Modern console games are designed for the most popular resolutions:
- 720p HD: 1280 x 720
- 1080p HD: 1920 x 1080
- 4K UHD: 3840 x 2160
HD televisions maintain an aspect ratio of 16:9
An item displayed in HD and 4K occupies the same area on the screen. This means you can use the same UI layout for both resolutions, as long as you keep the following in mind:
- Pixel density: For every pixel in HD, there are four pixels in 4K. This adds detail to images and crispness to fonts and thin lines. Create graphics for 4K, because scaling down to 1080p is easier than scaling up to 4K.
- File and DPI settings: DPI (Dots Per Inch) is the unit of resolution for print and digital files. HD televisions have a resolution of 72 dpi, and most visual components use this resolution.
- Font size: Standard 1080 HD fonts render out at 72 dpi. If you keep your 4K canvas at 72 dpi, your fonts will be rendered at half the size. To keep your font size consistent, change your resolution settings from 72 dpi in your 1080 files to 144 dpi in your 4K files.
TIP: To check whether your designs will be legible, reduce your PC image to 33%. If you cannot read the information at 33%, then your information will be too small to read at 10 feet.
Safe Frame is a display area where text and visuals are guaranteed to be visible on all television sets. Safe Frame was standard in CRT television sets. Imperfections in manufacturing caused CRT sets to position the broadcast image inconsistently, and Safe Frame compensated for this deficiency. Safe Frame is still used for digital flat screen televisions, even though images are displayed consistently on most television sets.
Screens have two Safe Frame areas:
- Action Safe is where vital gameplay is rendered. This area takes up 95% of the screen’s resolution. For example, at 1920 x 1080, Action Safe is 1824 x 1026.
- Title Safe is where text and graphics are rendered. This area is used to position menus, titles, and HUD elements, and its dimensions are 90% of the screen resolution that is translated. For example, at 1920 x 1080, Title Safe is 1728 x 972.
When designing grids, keep everything within the Safe Frame:
The viewable screen’s size can determine the amount of information within a menu. Designing console games played at 10 feet is very different from designing PC games played at 2 feet. As the distance increases, the player’s ability to comprehend information decreases. A free-flowing mouse is much faster and accurate than a controller on a grid layout.
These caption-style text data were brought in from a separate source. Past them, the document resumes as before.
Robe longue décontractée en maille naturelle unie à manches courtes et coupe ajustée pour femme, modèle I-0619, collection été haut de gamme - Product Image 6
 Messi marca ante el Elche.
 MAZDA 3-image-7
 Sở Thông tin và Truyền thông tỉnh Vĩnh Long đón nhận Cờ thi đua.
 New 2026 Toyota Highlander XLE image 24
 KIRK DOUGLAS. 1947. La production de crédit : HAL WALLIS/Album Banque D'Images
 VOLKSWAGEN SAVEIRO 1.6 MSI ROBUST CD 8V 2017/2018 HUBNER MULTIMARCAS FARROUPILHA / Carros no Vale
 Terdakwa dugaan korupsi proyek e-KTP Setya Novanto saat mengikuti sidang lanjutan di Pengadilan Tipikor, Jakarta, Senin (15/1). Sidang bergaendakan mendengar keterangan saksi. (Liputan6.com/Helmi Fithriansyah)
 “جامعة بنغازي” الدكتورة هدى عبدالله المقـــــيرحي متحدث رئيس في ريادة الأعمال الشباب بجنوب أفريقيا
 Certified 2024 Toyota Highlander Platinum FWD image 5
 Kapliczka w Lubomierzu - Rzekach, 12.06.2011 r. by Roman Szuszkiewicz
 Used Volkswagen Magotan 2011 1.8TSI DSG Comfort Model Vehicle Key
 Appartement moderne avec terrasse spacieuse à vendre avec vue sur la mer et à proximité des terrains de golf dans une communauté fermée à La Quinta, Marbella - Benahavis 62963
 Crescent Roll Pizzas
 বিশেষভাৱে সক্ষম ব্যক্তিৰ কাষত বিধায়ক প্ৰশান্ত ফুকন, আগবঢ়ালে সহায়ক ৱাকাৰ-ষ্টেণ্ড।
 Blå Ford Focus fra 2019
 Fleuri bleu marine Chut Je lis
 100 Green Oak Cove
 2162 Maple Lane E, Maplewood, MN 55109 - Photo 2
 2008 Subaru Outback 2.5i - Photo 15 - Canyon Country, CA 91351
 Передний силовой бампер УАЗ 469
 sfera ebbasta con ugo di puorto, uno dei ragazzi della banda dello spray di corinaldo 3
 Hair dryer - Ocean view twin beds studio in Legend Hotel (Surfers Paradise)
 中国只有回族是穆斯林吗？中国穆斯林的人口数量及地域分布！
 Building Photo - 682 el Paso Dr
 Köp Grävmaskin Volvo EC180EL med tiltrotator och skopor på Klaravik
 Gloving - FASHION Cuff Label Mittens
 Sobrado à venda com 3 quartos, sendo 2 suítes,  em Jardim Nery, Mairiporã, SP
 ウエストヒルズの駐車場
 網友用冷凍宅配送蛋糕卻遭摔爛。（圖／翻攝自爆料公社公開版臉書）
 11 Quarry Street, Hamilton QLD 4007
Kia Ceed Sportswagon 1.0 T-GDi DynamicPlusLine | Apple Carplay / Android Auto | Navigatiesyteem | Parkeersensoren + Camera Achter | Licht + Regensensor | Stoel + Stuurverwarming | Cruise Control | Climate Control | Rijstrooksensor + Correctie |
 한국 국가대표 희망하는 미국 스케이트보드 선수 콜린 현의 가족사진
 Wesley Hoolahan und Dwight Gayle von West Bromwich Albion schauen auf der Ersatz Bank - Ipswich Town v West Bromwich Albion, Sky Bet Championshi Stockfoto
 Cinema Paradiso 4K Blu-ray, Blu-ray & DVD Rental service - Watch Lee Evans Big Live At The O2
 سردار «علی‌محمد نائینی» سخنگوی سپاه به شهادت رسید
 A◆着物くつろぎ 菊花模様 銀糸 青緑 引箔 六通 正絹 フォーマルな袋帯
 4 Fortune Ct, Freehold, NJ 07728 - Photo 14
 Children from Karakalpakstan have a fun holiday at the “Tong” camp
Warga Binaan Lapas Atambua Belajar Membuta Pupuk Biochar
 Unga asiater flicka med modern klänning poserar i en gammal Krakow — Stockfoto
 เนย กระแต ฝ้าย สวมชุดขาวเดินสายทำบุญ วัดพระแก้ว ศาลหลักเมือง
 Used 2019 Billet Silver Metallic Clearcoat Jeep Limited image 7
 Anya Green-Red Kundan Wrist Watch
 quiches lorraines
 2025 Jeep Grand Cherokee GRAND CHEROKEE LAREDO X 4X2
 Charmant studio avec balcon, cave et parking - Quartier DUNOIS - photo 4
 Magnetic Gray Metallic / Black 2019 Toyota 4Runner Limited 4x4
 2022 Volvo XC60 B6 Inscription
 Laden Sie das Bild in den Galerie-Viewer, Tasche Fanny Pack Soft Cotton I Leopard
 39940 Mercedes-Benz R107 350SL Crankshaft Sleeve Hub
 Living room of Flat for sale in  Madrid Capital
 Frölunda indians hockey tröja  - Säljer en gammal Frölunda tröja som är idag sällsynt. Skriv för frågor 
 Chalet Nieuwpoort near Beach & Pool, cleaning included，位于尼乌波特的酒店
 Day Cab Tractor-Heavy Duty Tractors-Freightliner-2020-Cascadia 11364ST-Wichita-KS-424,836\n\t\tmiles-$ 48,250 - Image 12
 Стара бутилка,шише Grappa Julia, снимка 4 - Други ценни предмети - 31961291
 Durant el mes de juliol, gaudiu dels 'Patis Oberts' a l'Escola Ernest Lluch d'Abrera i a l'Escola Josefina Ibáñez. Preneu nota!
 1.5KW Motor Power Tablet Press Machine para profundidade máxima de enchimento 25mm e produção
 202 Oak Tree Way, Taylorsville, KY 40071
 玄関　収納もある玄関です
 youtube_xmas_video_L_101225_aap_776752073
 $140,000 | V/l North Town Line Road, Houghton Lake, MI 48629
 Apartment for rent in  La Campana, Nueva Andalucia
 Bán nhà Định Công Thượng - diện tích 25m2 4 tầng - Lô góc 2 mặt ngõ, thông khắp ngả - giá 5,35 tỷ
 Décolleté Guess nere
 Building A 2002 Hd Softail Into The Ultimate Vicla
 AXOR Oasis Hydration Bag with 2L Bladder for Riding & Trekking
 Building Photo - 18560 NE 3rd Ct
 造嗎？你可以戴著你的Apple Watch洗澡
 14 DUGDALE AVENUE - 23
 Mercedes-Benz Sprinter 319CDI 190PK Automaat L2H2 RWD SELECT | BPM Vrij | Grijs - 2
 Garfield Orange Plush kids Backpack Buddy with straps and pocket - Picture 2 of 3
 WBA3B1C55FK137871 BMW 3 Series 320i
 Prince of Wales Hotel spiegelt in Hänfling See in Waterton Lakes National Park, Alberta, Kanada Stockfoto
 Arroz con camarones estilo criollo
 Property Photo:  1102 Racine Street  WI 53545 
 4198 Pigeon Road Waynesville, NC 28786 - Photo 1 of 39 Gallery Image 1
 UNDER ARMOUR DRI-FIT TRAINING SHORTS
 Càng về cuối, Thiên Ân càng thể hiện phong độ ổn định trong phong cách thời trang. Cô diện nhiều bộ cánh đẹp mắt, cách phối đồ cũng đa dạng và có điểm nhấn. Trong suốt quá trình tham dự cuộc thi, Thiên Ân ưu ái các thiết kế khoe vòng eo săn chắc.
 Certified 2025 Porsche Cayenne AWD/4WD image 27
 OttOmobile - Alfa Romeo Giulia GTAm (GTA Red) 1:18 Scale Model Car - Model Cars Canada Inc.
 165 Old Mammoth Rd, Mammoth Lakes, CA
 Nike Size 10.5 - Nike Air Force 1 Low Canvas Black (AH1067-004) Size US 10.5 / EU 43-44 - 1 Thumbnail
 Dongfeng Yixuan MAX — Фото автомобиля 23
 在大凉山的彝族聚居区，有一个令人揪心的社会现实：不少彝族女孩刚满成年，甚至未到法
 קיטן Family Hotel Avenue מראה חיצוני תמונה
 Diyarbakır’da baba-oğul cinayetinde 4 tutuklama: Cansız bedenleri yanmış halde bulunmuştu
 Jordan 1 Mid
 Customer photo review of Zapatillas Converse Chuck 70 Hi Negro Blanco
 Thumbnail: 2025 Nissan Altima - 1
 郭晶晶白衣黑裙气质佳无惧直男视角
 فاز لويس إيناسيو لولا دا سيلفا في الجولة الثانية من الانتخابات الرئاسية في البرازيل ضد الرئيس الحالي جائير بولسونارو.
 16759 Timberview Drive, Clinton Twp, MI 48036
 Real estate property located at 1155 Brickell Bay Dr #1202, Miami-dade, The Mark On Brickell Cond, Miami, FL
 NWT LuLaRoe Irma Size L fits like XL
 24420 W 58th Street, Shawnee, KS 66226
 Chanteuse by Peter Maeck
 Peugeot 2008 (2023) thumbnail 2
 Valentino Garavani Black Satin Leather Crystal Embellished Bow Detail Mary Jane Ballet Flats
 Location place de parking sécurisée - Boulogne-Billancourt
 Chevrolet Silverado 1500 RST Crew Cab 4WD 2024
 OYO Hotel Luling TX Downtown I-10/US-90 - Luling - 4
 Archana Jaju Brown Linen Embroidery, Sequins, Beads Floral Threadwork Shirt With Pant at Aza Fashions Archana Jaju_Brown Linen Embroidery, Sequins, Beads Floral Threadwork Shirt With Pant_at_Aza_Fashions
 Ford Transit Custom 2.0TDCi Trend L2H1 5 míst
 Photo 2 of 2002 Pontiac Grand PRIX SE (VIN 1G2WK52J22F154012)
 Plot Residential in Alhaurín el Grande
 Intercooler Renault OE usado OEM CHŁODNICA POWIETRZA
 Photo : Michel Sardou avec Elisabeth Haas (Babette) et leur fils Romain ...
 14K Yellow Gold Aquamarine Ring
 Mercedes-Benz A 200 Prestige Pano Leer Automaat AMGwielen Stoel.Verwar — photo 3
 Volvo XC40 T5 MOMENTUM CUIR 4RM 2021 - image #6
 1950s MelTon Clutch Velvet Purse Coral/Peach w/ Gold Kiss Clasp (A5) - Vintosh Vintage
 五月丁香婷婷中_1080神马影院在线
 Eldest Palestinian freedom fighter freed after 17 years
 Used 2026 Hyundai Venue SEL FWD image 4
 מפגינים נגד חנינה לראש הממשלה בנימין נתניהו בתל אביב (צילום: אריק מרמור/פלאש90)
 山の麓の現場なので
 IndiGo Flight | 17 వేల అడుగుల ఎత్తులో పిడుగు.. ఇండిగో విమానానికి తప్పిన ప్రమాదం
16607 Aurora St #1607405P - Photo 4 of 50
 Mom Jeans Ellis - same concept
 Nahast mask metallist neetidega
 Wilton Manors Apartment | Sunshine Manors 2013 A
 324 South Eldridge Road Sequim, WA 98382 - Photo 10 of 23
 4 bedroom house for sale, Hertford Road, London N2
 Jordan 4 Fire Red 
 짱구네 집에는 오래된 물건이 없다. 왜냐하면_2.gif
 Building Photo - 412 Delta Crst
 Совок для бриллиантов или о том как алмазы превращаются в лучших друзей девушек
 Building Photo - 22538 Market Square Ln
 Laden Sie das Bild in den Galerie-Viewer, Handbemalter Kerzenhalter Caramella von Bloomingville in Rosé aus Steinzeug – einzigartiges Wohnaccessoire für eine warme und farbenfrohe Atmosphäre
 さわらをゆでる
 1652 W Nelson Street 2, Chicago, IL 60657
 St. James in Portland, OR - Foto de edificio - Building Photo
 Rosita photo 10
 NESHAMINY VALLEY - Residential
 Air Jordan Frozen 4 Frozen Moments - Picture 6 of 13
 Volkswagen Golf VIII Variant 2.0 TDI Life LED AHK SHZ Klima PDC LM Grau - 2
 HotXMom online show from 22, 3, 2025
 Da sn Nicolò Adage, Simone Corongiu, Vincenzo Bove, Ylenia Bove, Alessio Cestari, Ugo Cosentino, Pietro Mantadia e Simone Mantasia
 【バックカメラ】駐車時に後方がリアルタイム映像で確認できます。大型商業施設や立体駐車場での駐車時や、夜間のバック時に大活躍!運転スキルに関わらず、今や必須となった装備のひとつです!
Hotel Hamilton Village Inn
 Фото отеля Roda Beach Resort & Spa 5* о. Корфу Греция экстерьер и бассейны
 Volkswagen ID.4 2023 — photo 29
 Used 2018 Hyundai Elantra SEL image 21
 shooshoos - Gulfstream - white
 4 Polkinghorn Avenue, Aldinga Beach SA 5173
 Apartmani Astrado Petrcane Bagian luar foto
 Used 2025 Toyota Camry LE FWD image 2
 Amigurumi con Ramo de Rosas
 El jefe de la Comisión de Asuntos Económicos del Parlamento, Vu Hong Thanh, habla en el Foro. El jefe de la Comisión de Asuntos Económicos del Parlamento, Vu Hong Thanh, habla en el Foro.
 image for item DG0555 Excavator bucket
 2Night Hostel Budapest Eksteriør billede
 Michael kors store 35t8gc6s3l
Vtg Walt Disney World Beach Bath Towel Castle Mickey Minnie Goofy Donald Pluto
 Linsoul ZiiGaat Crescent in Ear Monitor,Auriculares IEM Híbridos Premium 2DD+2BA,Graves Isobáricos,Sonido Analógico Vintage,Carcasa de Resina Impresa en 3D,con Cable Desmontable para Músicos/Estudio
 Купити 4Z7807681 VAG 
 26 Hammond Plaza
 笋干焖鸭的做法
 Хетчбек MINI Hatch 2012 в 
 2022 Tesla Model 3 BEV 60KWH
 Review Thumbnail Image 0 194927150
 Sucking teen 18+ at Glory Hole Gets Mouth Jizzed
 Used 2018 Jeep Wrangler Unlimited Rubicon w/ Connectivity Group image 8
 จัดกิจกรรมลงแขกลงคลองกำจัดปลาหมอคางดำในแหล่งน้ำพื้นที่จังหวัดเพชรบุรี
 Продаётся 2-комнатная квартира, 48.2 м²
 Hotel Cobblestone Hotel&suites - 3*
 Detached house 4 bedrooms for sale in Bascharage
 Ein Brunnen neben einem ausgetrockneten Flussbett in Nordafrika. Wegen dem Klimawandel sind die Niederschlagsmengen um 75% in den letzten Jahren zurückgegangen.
To help players focus on the information on the screen, use negative space, which is the area around an object or text that does not have any importance and can be used to frame information.
Reducing the amount of information in the menus increases the player’s ability to navigate the screen and makes the information easier to comprehend.
Tip: Within a menu, show only the vital information related to a selection or topic. Offer more detailed information on a separate screen or a pop-up window. This will reduce the risk of information overload for most players, who want to start playing immediately.